(INFORMATION SUPPLIED):
____
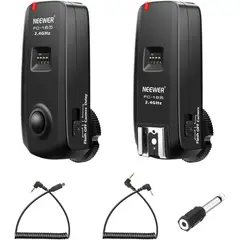 NEEWER - Trigger FC-16 24G para Flash y Cámara Sony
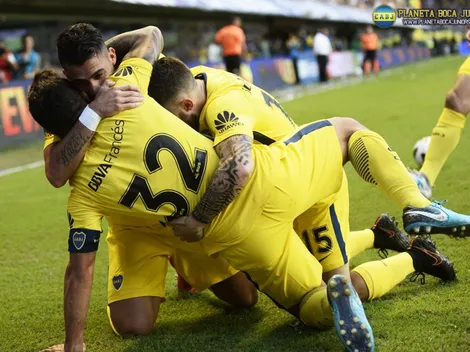 De estreno: así será el nuevo short de Boca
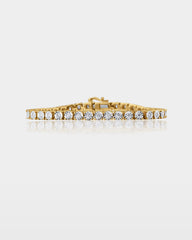Round Diamond Bracelet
____
(WORK INSTRUCTIONS):
Leaving the pictures out, transcribe word for word the lines from the one with "De estreno: así será el nuevo short de Boca" to the end of the material above, inclusive, and nothing else.

(ANSWER SECTION):
 De estreno: así será el nuevo short de Boca
Round Diamond Bracelet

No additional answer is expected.